According to its US Labor Department filing, the UAW spent $2.7 million in strike benefits in 2016, or one percent of its total disbursements of $272 million. This supposed strike war chest has long been a massive slush fund for union bureaucrats. The UAW constitution was amended in 1980, 1989, 1995 and 2002 “in order to create additional sources of revenue for the international union,” according to Thomas Adams, a history professor at Michigan State University and a former UAW member, who retired after 30 years at GM’s Buick City complex in Flint, Michigan.
Far from preparing for a serious fight, the main preoccupation of the UAW bureaucrats is figuring out how they can beat back the aspirations of autoworkers in the upcoming contracts.
On the eve of the convention, the Detroit News wrote, “GM, Ford and FCA have all posted hefty profits in the four years since the last UAW contract was signed, and the union’s members will likely want a bigger piece of that success. But as the industry’s extended period of growth finally begins to slow and automakers pivot toward expensive electrification, mobility and autonomy efforts, the companies and the union may need to reconcile with preemptive belt-tightening.
In his remarks, Jones did not bother to mention GM’s shutdown of the Lordstown, Ohio plant last week, or the slated closure of plants in Detroit, Baltimore and Oshawa, Ontario. Whatever verbal complaints the UAW has issued over the GM plant closings, the reality is that the union executives welcome this threat to workers’ jobs as a means of softening them up for even deeper concessions. As it has for the last four decades, the UAW will make “saving jobs” the excuse for abandoning workers’ demands for improved wages and conditions.
This was made clear in the comments of Kristin Dziczek, vice president of the company-aligned Center for Automotive Research, who told the News, “These are still really good times, and these are still profitable companies, so by bringing job security up on the list, wage expectations might temper.”
The UAW and the auto companies want to accelerate their plans to convert the workforce into largely low-wage, casual workers, in order to “in-source” more work. This requires a concerted effort to purge the older, higher-paid workers from the plants. The UAW could also push to expand its franchise by taking over the provision of health care benefits for current workers in addition to retirees. This was dropped in 2015 after confronting universal opposition from the workers, who had seen the UAW cut retiree benefits.
Workers know that the UAW is preparing another sellout, and discussions have already started in the plants on how to fight it. Opposition to the UAW has taken the form of growing support for the call by the WSWS Autoworker Newsletter for the establishment of rank-and-file committees, independent of the unions, to mobilize workers to fight for the demands they need, not what the auto companies and the UAW claim is affordable.

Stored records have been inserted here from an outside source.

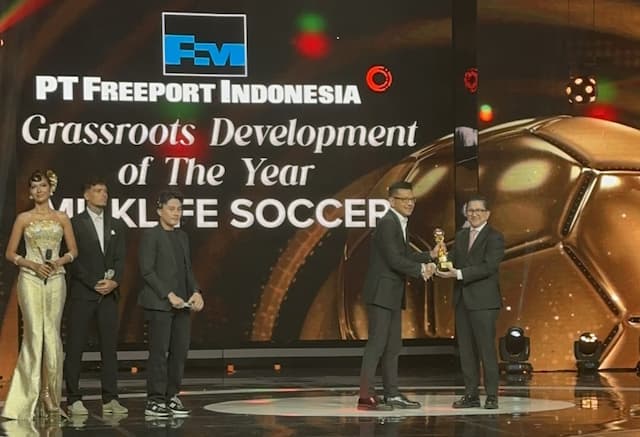 MilkLife Soccer Challenge Jadi Lokomotif Sepak Bola Putri, Raih Penghargaan PSSI MilkLife Soccer Challenge Jadi Lokomotif Sepak Bola Putri, Raih Penghargaan PSSI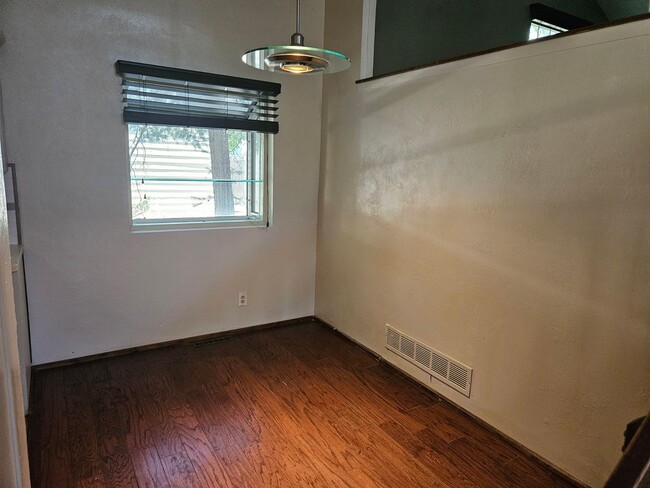 Building Photo - 3 BED 2 BATH IN AURORA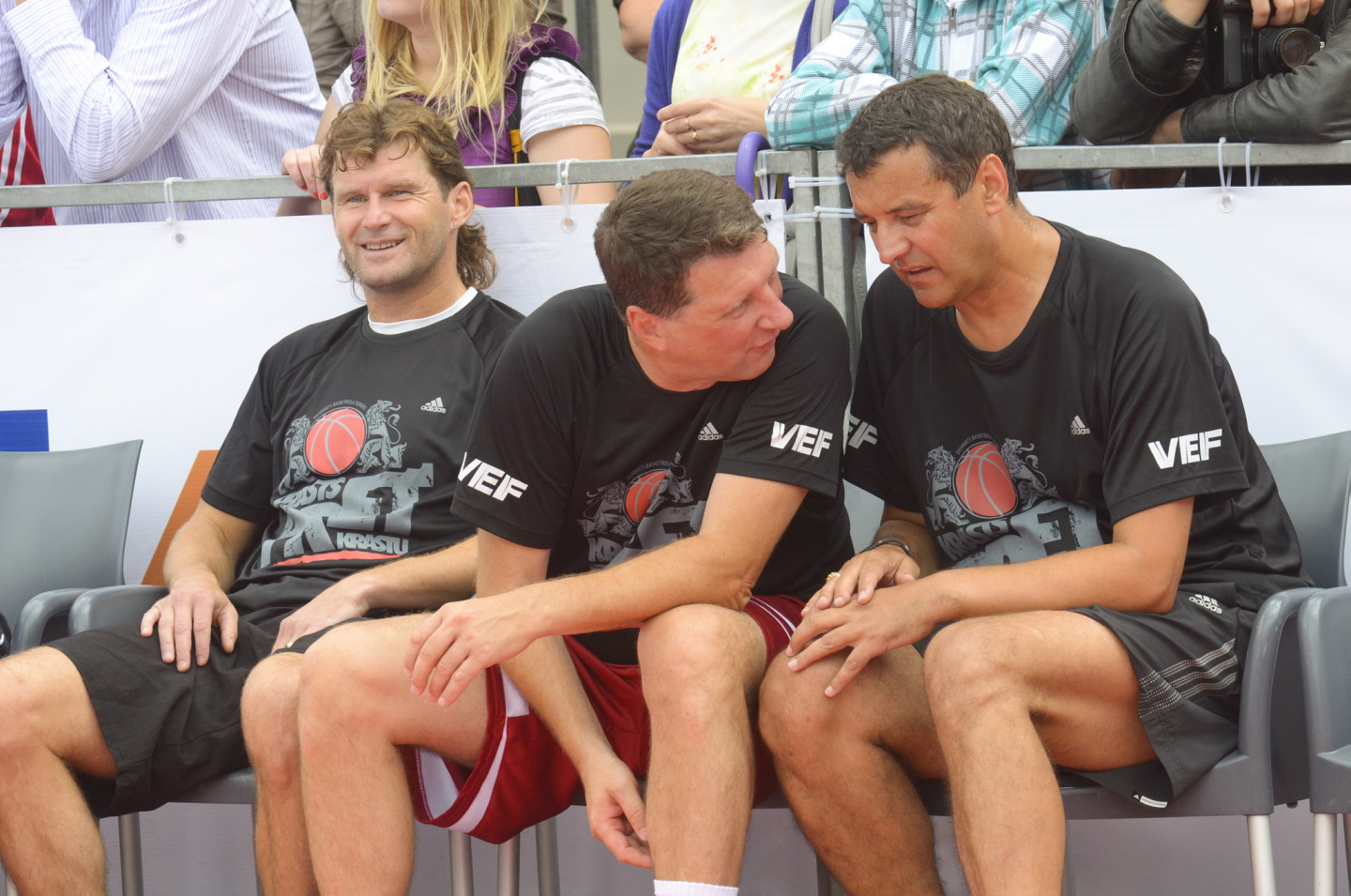 Pie Latvijas Nacionālās Operas notiek basketbola spēle starp politiķiem Rīgas svētku Krastu mača ietvaros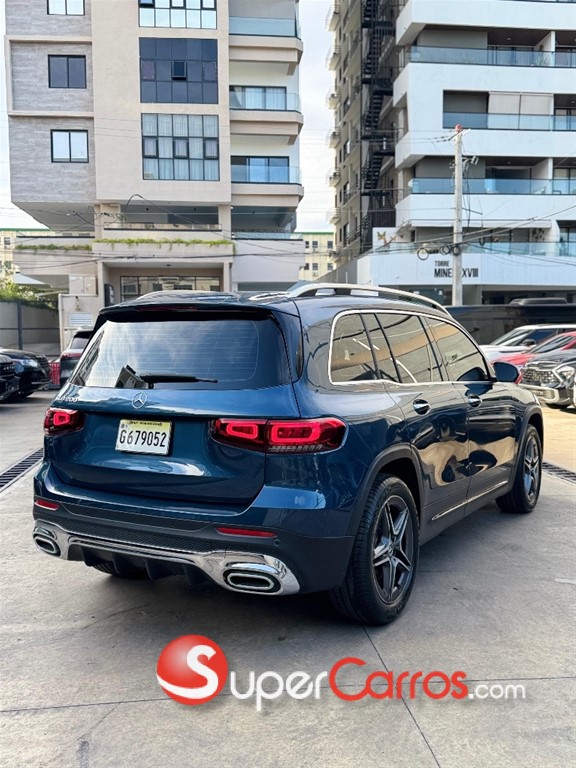 2024 Mercedes-Benz Clase GLB 200 AMG — foto 4 / 8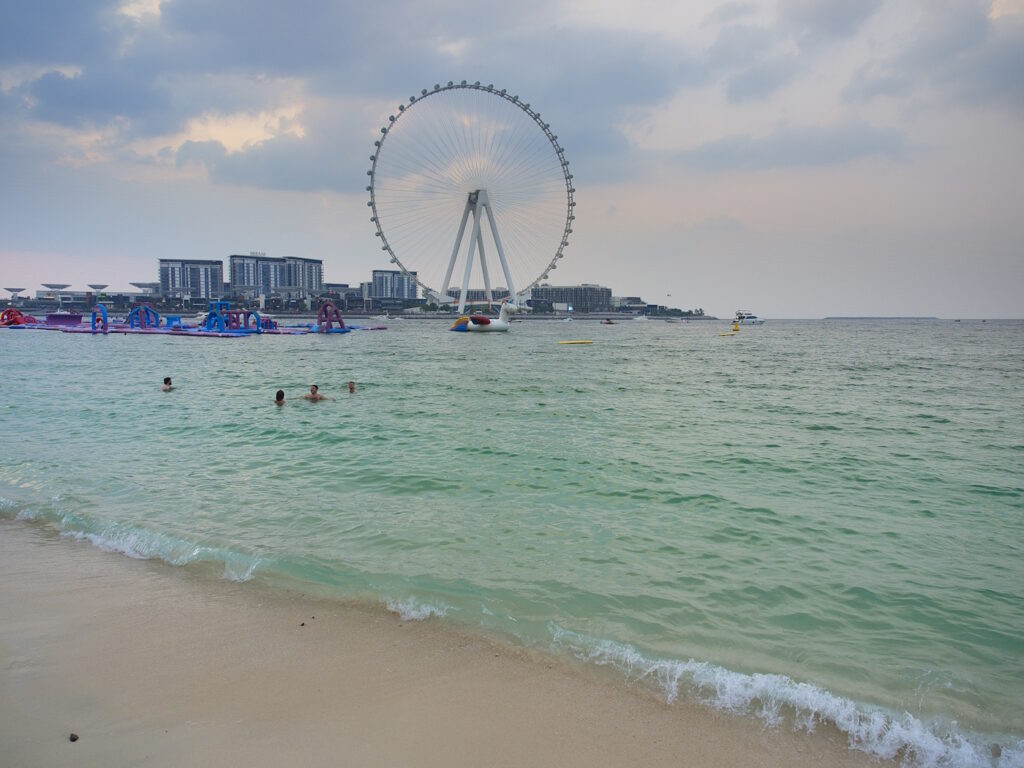 Что посмотреть в Дубае - пляж JBR и колесо обозрения Око Дубая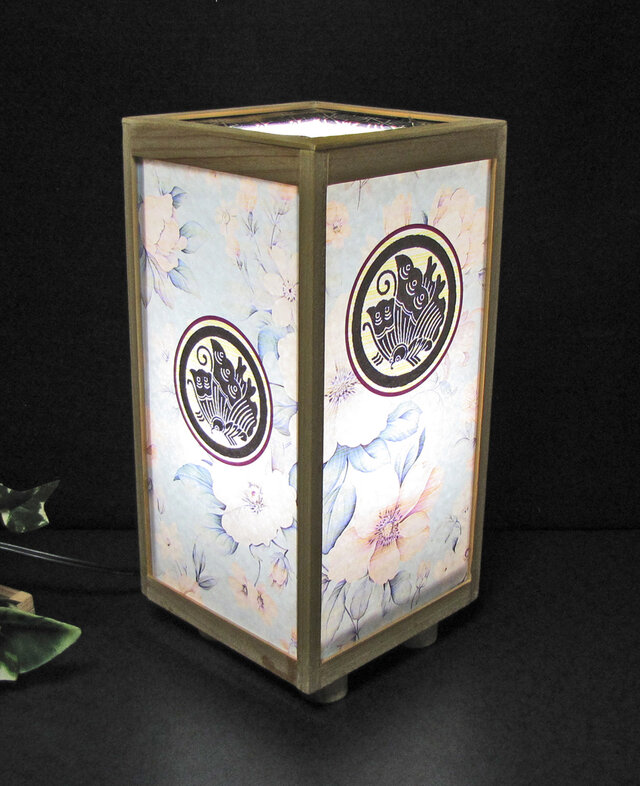 ◆『丸に揚羽蝶』家紋の宿り木／至福の灯かり・心温まるひと時／25-60／LED･桧枠造・ラミネート加工・軽量／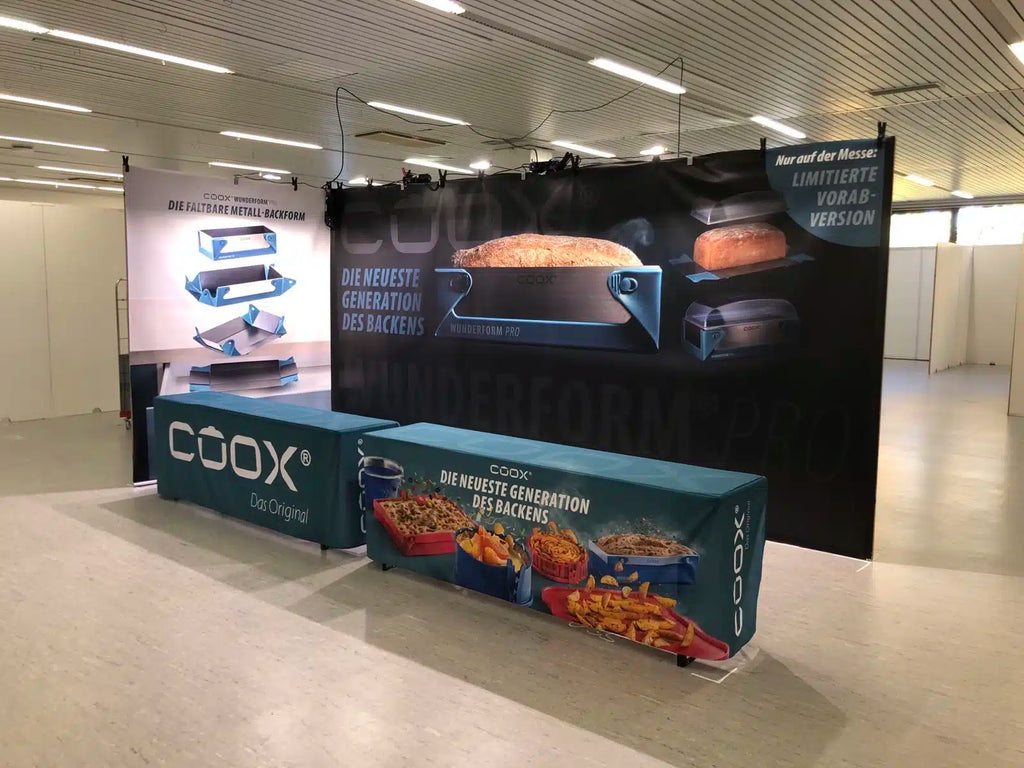 Kompletter Messestand mit Logo und Beleuchtung (Miete & Service)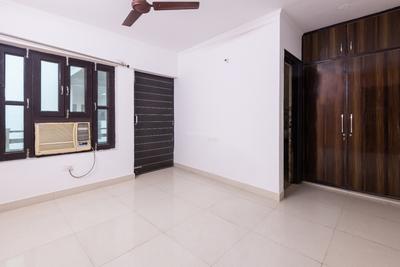 Gallery Cover Image of 1150 Sq.ft 2 BHK Independent Floor for rent in Sector 49 for 16000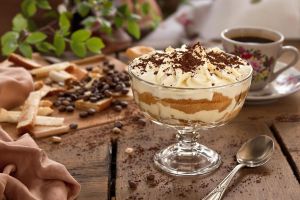 Recette Découvrez le secret de Cyril Lignac pour un tiramisu incroyablement onctueux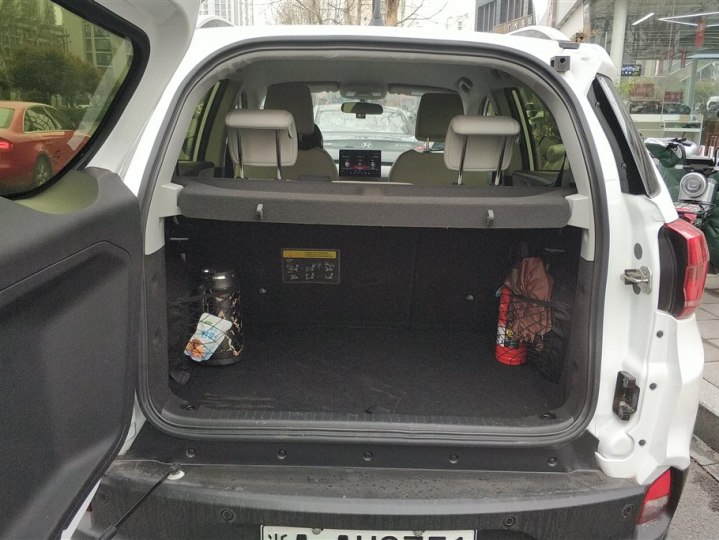 401公里续航的电车实际不足200公里 男子退车被拒：官方回应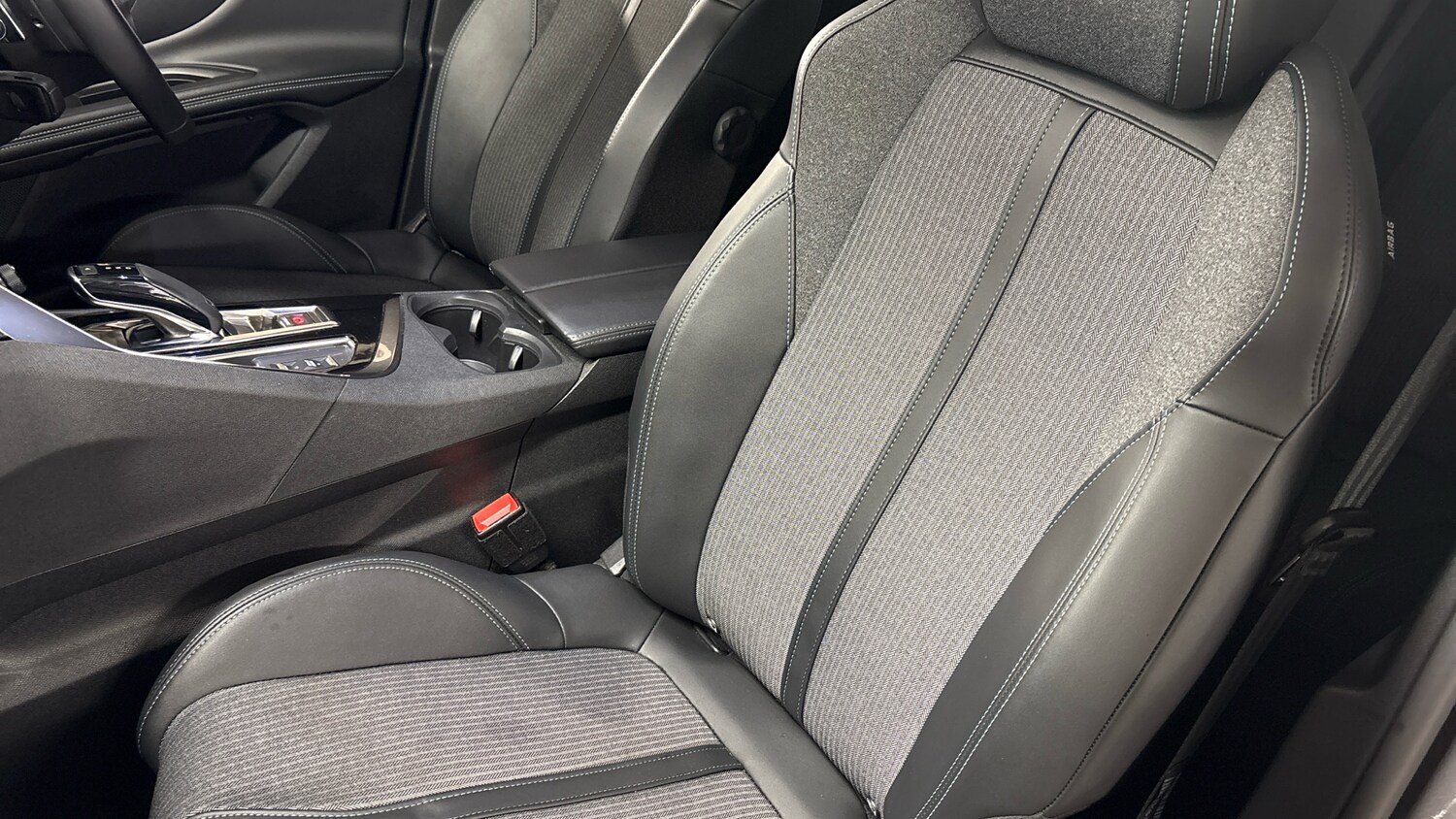 Used Peugeot 3008 2022 for sale - 76184329: Photo 81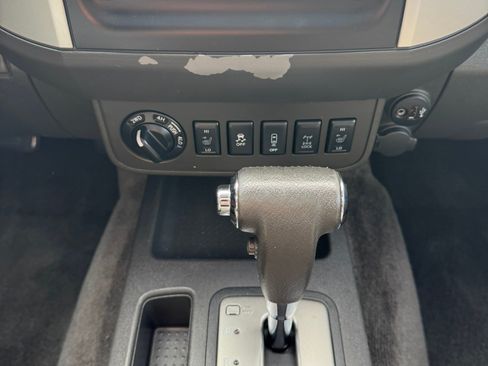 Used 2017 Nissan Frontier PRO-4X w/ Pro-4x Luxury Package AWD/4WD image 16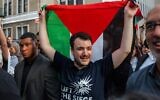 L'activiste américain anti-Israël et pro-palestinien Mahmoud Khalil brandit un drapeau palestinien lors d'un rassemblement célébrant son retour de détention par les services d'immigration, le 22 juin 2025, à New York. (Crédit : Olga Fedorova/AP)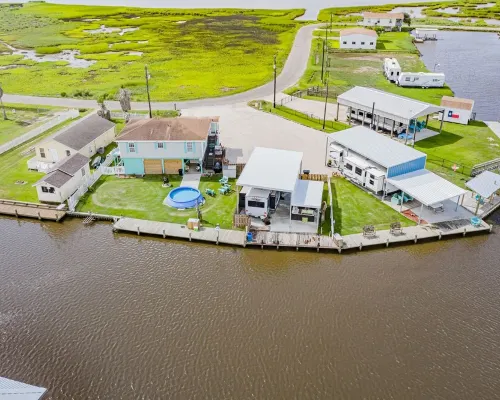 (RV2) Paradise in Sargent. Saltwater canal, minutes to ICW and beach. Hotels in Sargent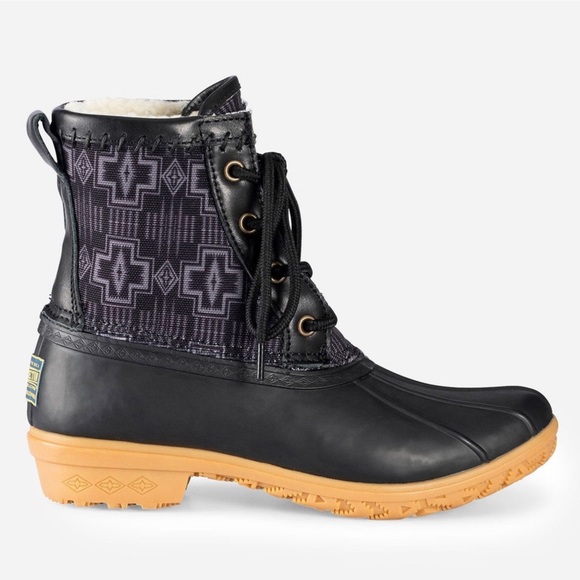 Pendleton Harding Western Print Black Duck Boots Size 6 NIB - Picture 2 of 9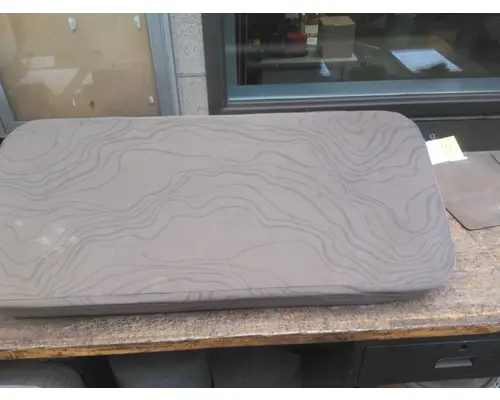 VOLVO VNL INTERIOR PARTS, MISC.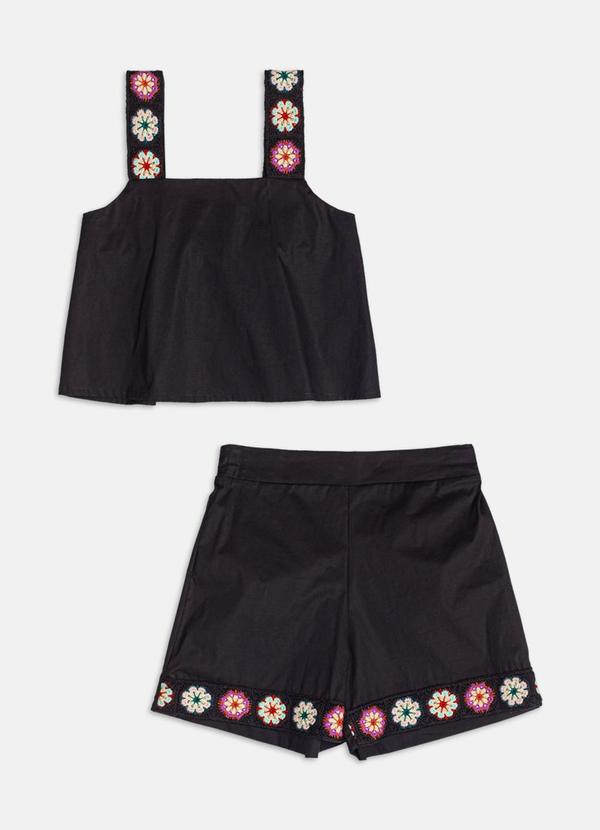 Conjunto com Flores em Crochê Preto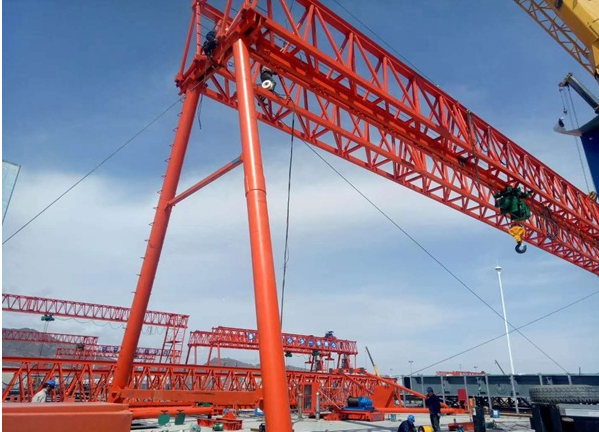 龍門吊起重機操作證持有者在什么情況下需要重新認證？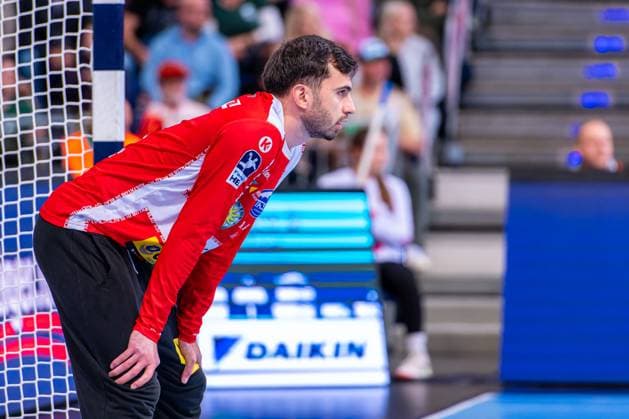 Matija Spikic ThSV Eisenach, Nr 1 v l , TSV Hannover Burgdorf beige against ThSC Eisenach blue on matchday 8 of the 2025 2026 season in the DAIKIN Handball Bundesliga 11 10 2025, ZAG Arena Hannover, GER , Copyright: xJanxGuentherx xTSVxHannover-Burgdorfx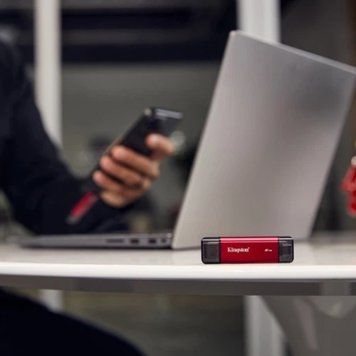 Купити Портативний SSD Kingston Dual USB-A/C 2TB Dual Portable 1050MB/s USB 3.2 Gen 2 Red/Black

This was reflected in the support for the February 9 demonstration at GM’s headquarters in Detroit organized by the Autoworker Newsletter and the Steering Committee of Rank-and-File Committees to oppose GM plans to close five plants in the US and Canada and eliminate 14,000 jobs.
During the 2015 contract fight, the WSWS Autoworker Newsletter was the voice of rank-and-file autoworkers and the center of opposition, prompting the UAW to brand the newsletter as a purveyor of “fake news,” even as its officials were taking millions in bribes from the auto companies. Opposition has only grown over the last four years, and autoworkers are joining the rising tide of class struggle. To take this forward, workers will need new organizations of struggle and a new political perspective and strategy to defend their social rights and fight the capitalist system.